Higher savings rates often come with worse small print. I'm going to give you two different examples.
I'll show you why the highest-paying five-year savings account isn't the best and which accounts beat it. Then I'll show you why the highest-paying easy-access account also suffers unacceptable terms and conditions, and the accounts that do better.
The account with the highest rate right now
The highest-paying account for new customers right now is Birmingham Midshires' 5 Year Fixed Rate Bond. This ties up your deposit of £1+ for five years, with a fixed rate of 4.65%.
There are two problems with this account. Firstly, five years is a long time. The best savings rates always come with accounts that tie your money up for years. To be interested in such a deal, you've got to have other savings in easy-access accounts, so that you have money available for holidays, Christmases and emergencies.
You need to have a specific goal in mind before tying your money up here for years, particularly since you can't expect to beat inflation. You might, but you shouldn't assume it. The bank deducts 20% of your interest automatically in taxes, and higher-rate payers declare yet more through their self assessments, so the odds aren't fabulous.
The second, smaller gripe is that Birmingham Midshires' account is operated by post only, with no internet access. This is not a major flaw since you expect to leave your money alone here for years, but you might still want that convenience.
Better alternatives to the highest-rate account
There's another five-year account that pays the same rate of 4.65%, although you must deposit at least £1,000. This is Vanquis Bank High Yield. This is an online account, but it still suffers the same issue of no access.
However, anyone looking for five-year savings accounts who haven't used their ISA allowances this year should consider ISAs in the first instance.
Take the Governor 5 Year Fixed Rate ISA, which pays 4.5%. This may be a lower rate than Birmingham Midshires', but it still pays much more to most of us, because no tax is due. This is a good example of why the top rate is often not the best.
Top tip for long-term savings accounts
Generally-speaking, when tying in your money for a long time it's better to get an account that 's guaranteed to match inflation, even after taxes have been deducted. Guessing whether a fixed rate will ultimately beat inflation is next to impossible, but anyone with an account guaranteed to match inflation can rest assured their savings will maintain their value, which is something that most savers, over the long term, don't achieve.

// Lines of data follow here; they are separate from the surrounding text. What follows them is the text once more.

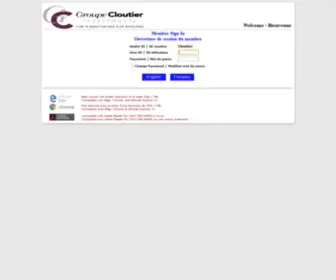 Groupecloutierinvestissement.com(W.connect Version 20.09.16) Screenshot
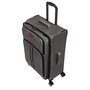 IT Luggage APPLAUD 116 л валіза з поліестеру на 4 колесах сіра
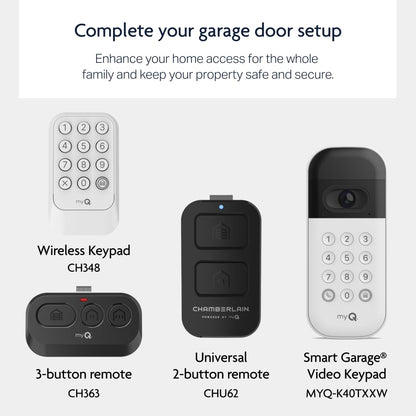 Ultra-Quiet Wall-Mount Smart Garage Door Opener – WiFi App Control with Battery Backup & LED Lighting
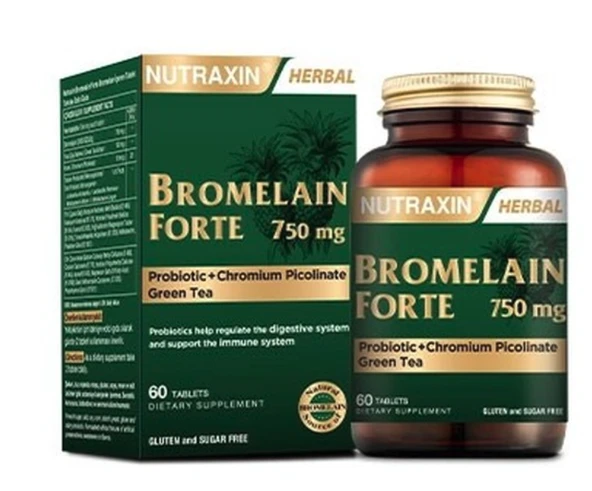 Nutraxin Bromelain Forte 60 Tablet ürün görseli 1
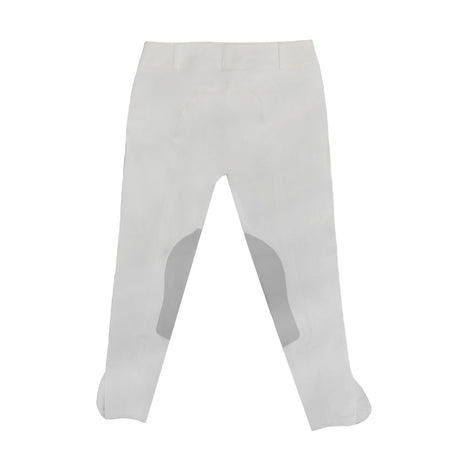 THE TAILORED SPORTSMAN LOW RISE FRONT ZIP BREECH -WHITE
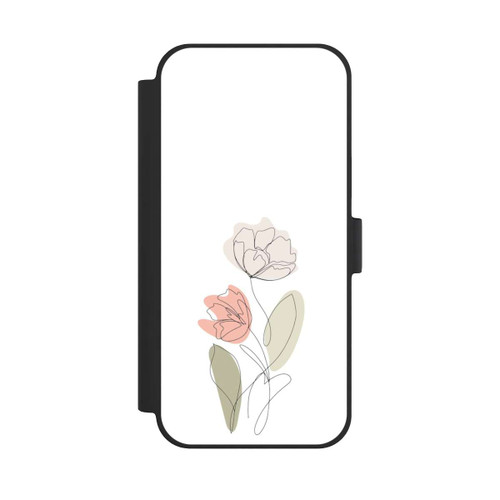 Apple iPhone 15 Plus NIVOflip Blume Line Art Beige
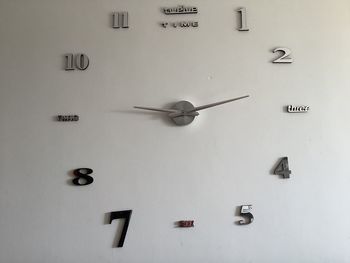 Full frame shot of clock on wall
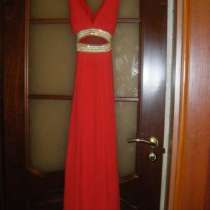 красное атласное и шифоновое коралловое платье, в Раменское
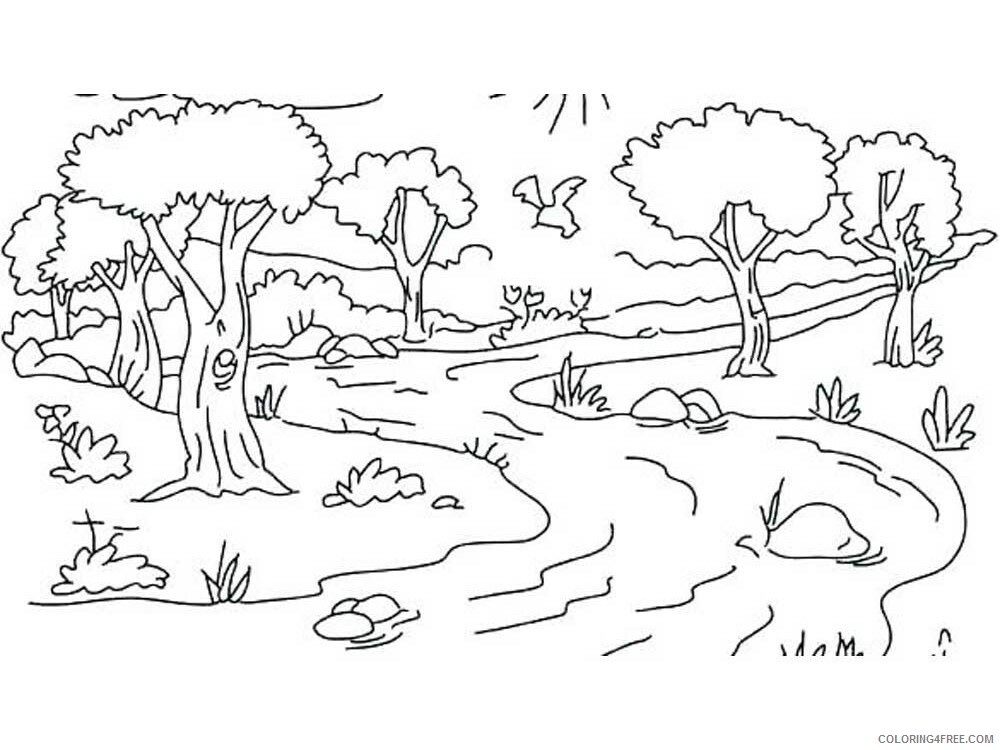 Landscapes Coloring Pages Adult landscapes for adults 16 Printable 2020 491 Coloring4free
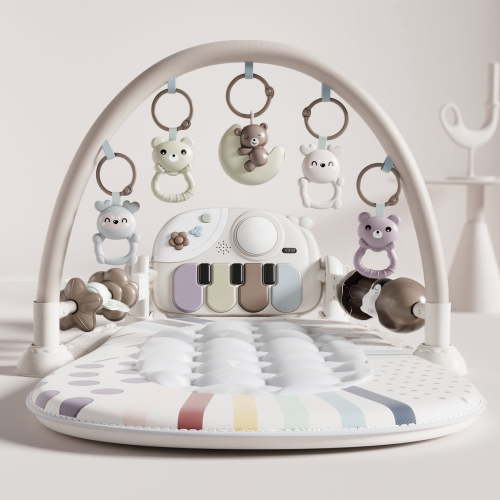 Eohemeral 4-in-1 Kick & Play Baby Activity Gym with Removable Piano and Night Light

Sadly, at the moment, I don't believe there are any such accounts for taxpayers currently open to new applicants, but keep your eyes peeled: they've turned up every few months for the past few years.
The easy-access account with the highest rate
At the other end of the spectrum we have easy-access accounts. The highest rate comes from Nationwide MySave Online Plus Issue 4, which pays 3.12% interest. Although you get easy access, like most such accounts, this interest rate is variable.
The good news is that, on this occasion, you have access to the top-rate account online. With easy-access accounts, online access is not just a minor convenience, it's a major plus point.
However, the account has major weaknesses compared to some lower-paying competitors:
- Its interest-rate guarantee is pathetic. The rate could drop as low as 1.58% inside the first 12 months.
- The account isn't genuinely easy access, because you can only make one penalty-free withdrawal per year.
- Another snag for some is you'll need to deposit £1,000+
Top tip for choosing easy-access accounts
Many savings accounts have “fixed savings bonuses”, which are frequently misunderstood. These are not bad!
A fixed savings bonus for 12 months is merely a guarantee that the interest rate will not fall below that level for a year. Without the bonus, banks are able (and willing) to lower the rate as soon as they've attracted their target total deposits. Just beware that sometimes banks offer “variable bonuses”, which are useless.
Better alternatives to the “top” easy-access account
Looking at Nationwide's closest competitors, many have the same problems. The first one that stands out though is the ING Direct Savings Account paying 2.9% variable. This is a drop of 0.2 percentage points, but in return you get a guarantee that the rate won't fall below 2.36% for 12 months. You can open an account with just £1.
I prefer the Halifax Online Saver even more. It pays 2.8% (0.3 percentage points less than Nationwide), but it pays a guaranteed minimum of 2.7% for 12 months. This saves you worrying about interest-rate drops for a whole year, with the only reason to switch being if interest rates elsewhere suddenly shoot up. Again, you just need £1.
Finally, you think about using your cash ISA allowance on an easy-access ISA, for the same reasons explained above. The best such ISA for new money, bearing in mind all factors and not just the interest rate, is the ING Direct Cash ISA, paying 3% on £1+, with online access and a guarantee not to fall below 1.96% for 12 months.
So, whatever savings account you're interested in, remember to consider all these aspects, and not just the top rate.